Over at Enterprise Storage Forum, Henry Newman and Jeff Layton started a conversation that needs to be shared. This is a very good article.
In it, they reproduced a table comparing file systems coming from this page at Redhat. This is really showing a comparison of what the “limits” are in a theoretical or practical sense between the various versions of RHEL platforms. The file system table compares what you can do in each version.
This said, the table gets some things wrong. This isn’t a criticism of Henry and Jeff, this is a criticism of the table. We know its wrong, unless Redhat purposefully limited the xfs code. Which is not likely.
Remember, Redhat had to be dragged kicking and screaming into supporting xfs, by its customer base who were using it. This support is … well … similar to the concept of damning with faint praise. Its support in a passive aggressive manner.
The RHEL table claims that the maximum size of an xfs file and/or file system is 100TB. It further claims that GFS is effectively much better than this.
Ok, I won’t fisk the GFS claim. I will fisk the xfs claim. Limits for xfs can be found here, at the source. Quoting them
Maximum File Size
For Linux 2.4, the maximum accessible file offset is 16TB on 4K page size and 64TB on 16K page size. For Linux 2.6, when using 64 bit addressing in the block devices layer (CONFIG_LBD), file size limit increases to 9 million terabytes (or the device limits).
Maximum Filesystem Size
For Linux 2.4, 2 TB. For Linux 2.6 and beyond, when using 64 bit addressing in the block devices layer (CONFIG_LBD) and a 64 bit platform, filesystem size limit increases to 9 million terabytes (or the device limits). For these later kernels on 32 bit platforms, 16TB is the current limit even with 64 bit addressing enabled in the block layer.
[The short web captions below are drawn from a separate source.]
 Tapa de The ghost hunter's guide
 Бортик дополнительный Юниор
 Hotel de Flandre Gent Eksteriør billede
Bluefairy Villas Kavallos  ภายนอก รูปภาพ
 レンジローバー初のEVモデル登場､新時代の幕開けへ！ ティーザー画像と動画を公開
This pretty much says it all. I’ve personally built (as in in the past, and as you will see in a moment) file systems larger than 100TB with xfs. So unless Redhat altered the xfs source … their table is wrong. And I’d like to either get confirmation of their change (which would permanently rule out using a RHEL kernel), or confirmation that they will correct the table.
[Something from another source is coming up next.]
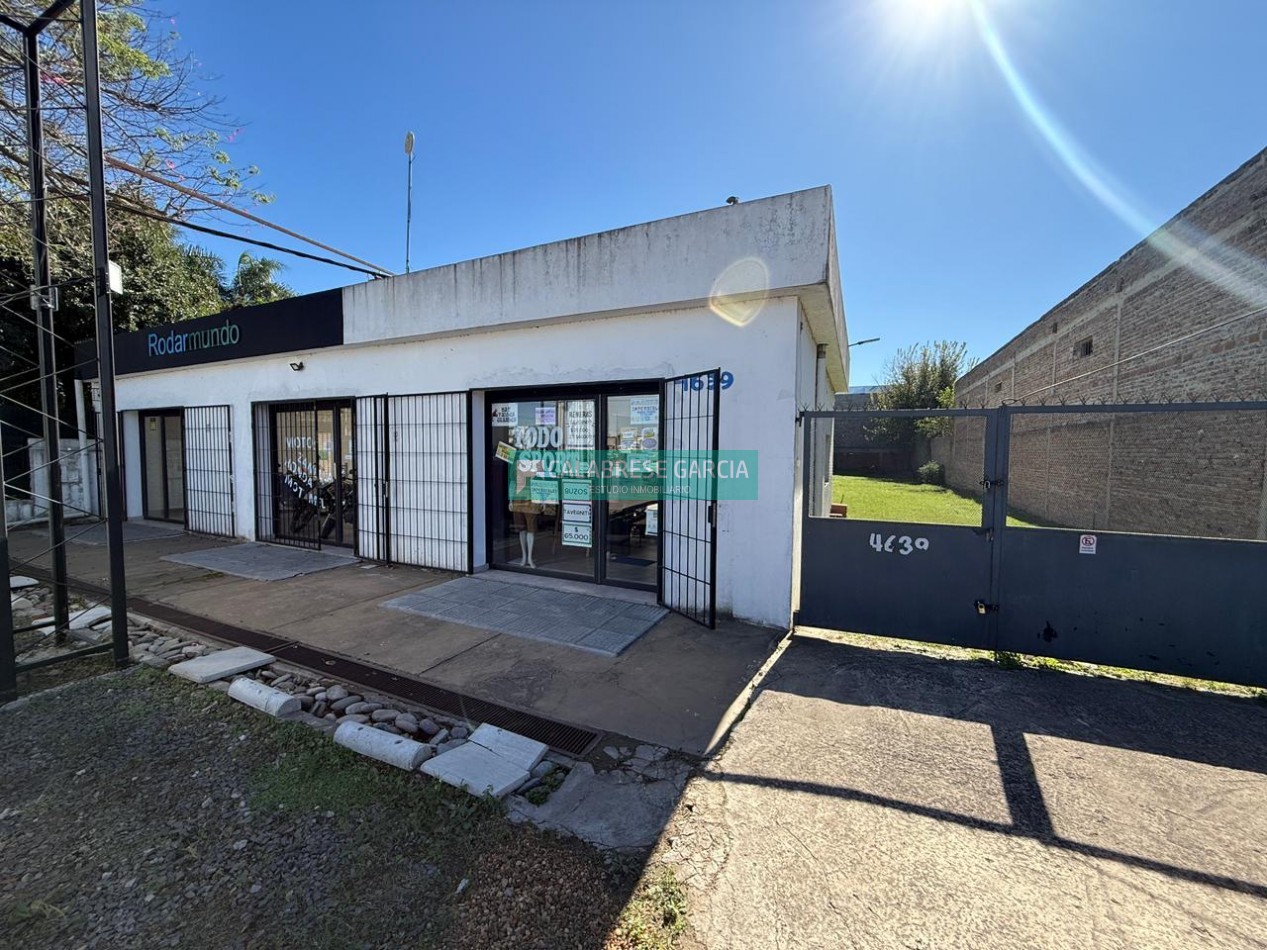 Alquilo salon comercial en Av. Almafuerte y Gdor. Maya!!!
You can google around for the larger file system bits with xfs, but let me give you a demo on our lab gear. Real simple demo. I will create a 1.1PB file system and mount it. And use it.
[root@jr5-lab x]# dd if=/dev/zero of=big.data bs=1G count=1 seek=1M 1+0 records in 1+0 records out 1073741824 bytes (1.1 GB) copied, 1.33821 seconds, 802 MB/s [root@jr5-lab x]# ls -alF total 1048576 drwxr-xr-x 2 root root 21 Jun 3 00:11 ./ drwxrwxrwt 11 root root 165 Jun 3 00:10 ../ -rw-r--r-- 1 root root 1125900980584448 Jun 3 00:11 big.data [root@jr5-lab x]# ls -alFh total 1.0G drwxr-xr-x 2 root root 21 Jun 3 00:11 ./ drwxrwxrwt 11 root root 165 Jun 3 00:10 ../ -rw-r--r-- 1 root root 1.1P Jun 3 00:11 big.data [root@jr5-lab x]# losetup /dev/loop1 big.data [root@jr5-lab x]# mkfs.xfs /dev/loop1 meta-data=/dev/loop1 isize=256 agcount=1025, agsize=268435455 blks = sectsz=512 attr=2, projid32bit=0 data = bsize=4096 blocks=274878169088, imaxpct=1 = sunit=0 swidth=0 blks naming =version 2 bsize=4096 ascii-ci=0 log =internal log bsize=4096 blocks=521728, version=2 = sectsz=512 sunit=0 blks, lazy-count=1 realtime =none extsz=4096 blocks=0, rtextents=0 [root@jr5-lab x]# mkdir /mnt/thats_ah_lotta_data [root@jr5-lab x]# mount /dev/loop1 /mnt/thats_ah_lotta_data [root@jr5-lab x]# df -h /mnt/thats_ah_lotta_data Filesystem Size Used Avail Use% Mounted on /dev/loop1 1.0P 37M 1.0P 1% /mnt/thats_ah_lotta_data [root@jr5-lab x]# cd /mnt/thats_ah_lotta_data/ [root@jr5-lab thats_ah_lotta_data]# touch you-betcha [root@jr5-lab thats_ah_lotta_data]# ls -alF total 8 drwxr-xr-x 2 root root 23 Jun 3 00:30 ./ drwxr-xr-x 3 root root 4096 Jun 3 00:13 ../ -rw-r--r-- 1 root root 0 Jun 3 00:30 you-betcha [root@jr5-lab thats_ah_lotta_data]# df -h . Filesystem Size Used Avail Use% Mounted on /dev/loop1 1.0P 37M 1.0P 1% /mnt/thats_ah_lotta_data
The fingers never left the hand. No rabbits (jack or otherwise) were harmed in the making of this file system.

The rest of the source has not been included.